Kritik an marxistischen Deutungsmustern
Der Vatikan kritisierte, dass bestimmte Vertreter der Befreiungstheologie in ihrer Gesellschaftsanalyse auch marxistische Deutungsmuster gebrauchten. Zahlreiche Theologen und Priester wurden mit Lehr- und Schreibverboten belegt oder suspendiert.
Die Glaubenskongregation unter Kardinal Joseph Ratzinger, dem späteren Papst Benedikt XVI. (2005-2013), stellte 1984 und 1986 in zwei Instruktionen die Unvereinbarkeit einer marxistisch verstandenen Befreiungstheologie mit der kirchlichen Lehre fest. Diese Form der Theologie missverstehe die Idee des Gottesreichs und verrate den Glauben zugunsten revolutionärer Projekte.
Einzug in die Sozialverkündigung
Nach dem Scheitern des Kommunismus in Europa nahm das Medieninteresse an der Befreiungstheologie ab. Allerdings fand die "vorrangige Option für die Armen" verstärkt Niederschlag auch in der lehramtlichen Sozialverkündigung der Kirche. Mit der Wahl des Lateinamerikaners Jorge Mario Bergoglio zum Papst rückten die Themen Armut und Ausgrenzung neu in den Fokus.

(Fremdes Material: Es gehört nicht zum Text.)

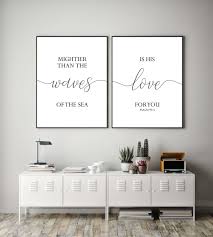 Your home for modern jewish art | find a large selection of jewish gifts for all occasions. Mightier Than The Waves Signpsalm 93 4bible Quotenursery Etsy Bible Verse Wall Art Bible Verse Wall Nursery Wall Decor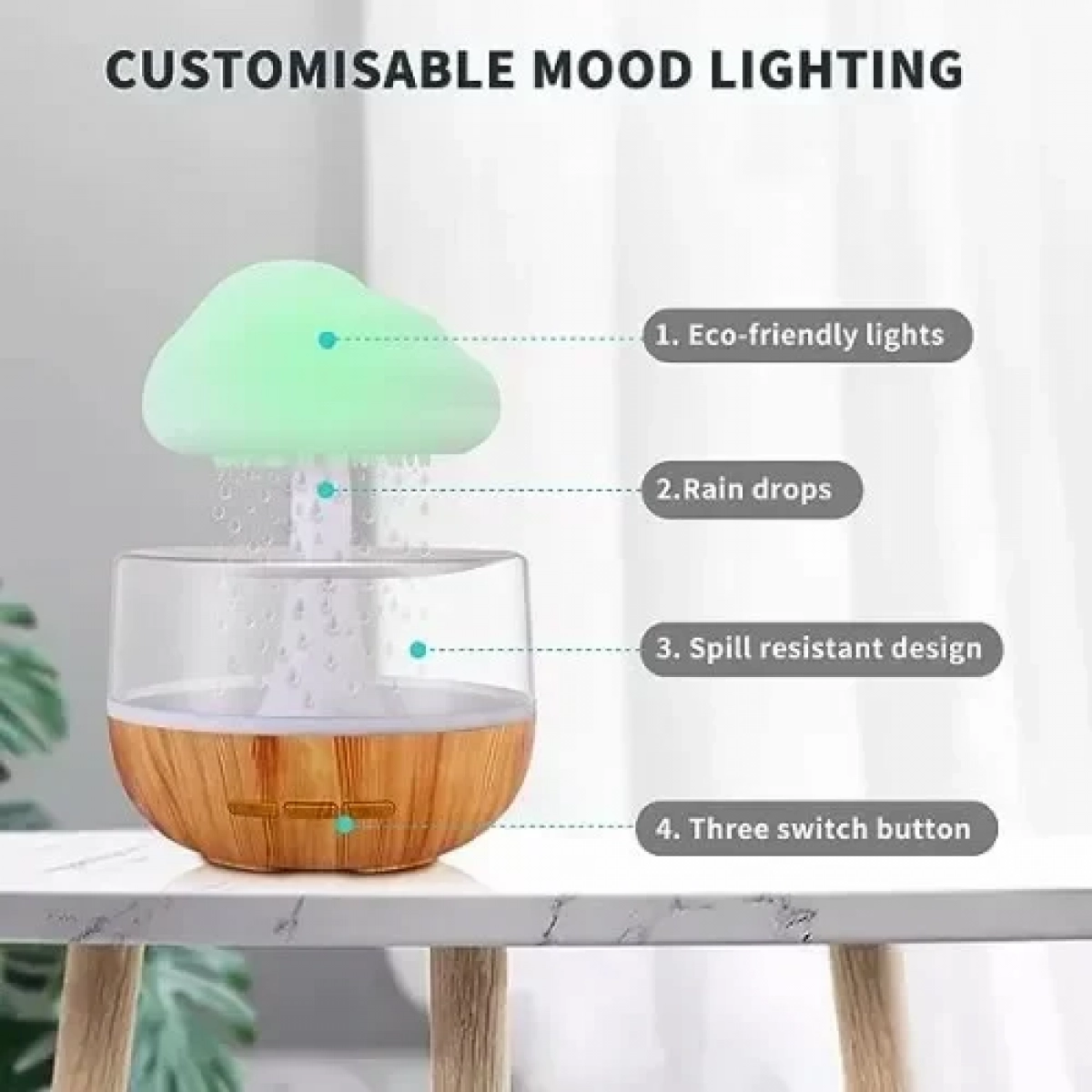 Led Συσκευή Αρωματοθεραπείας Cloud Rain με Χρονοδιακόπτη 300ml TS04093 - Image 2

Zu den bekanntesten Vertretern der Befreiungstheologie zählen die Brüder Leonardo und Clodovis Boff aus Brasilien, der nicaraguanische Ex-Kulturminister Ernesto Cardenal, der 1980 ermordete salvadorianische Erzbischof Oscar Romero, der 1999 verstorbene brasilianische Bischof Dom Helder Camara und der Peruaner Gustavo Gutierrez. Dessen Buch "Teologia de la liberacion" gab der Bewegung ihren Namen.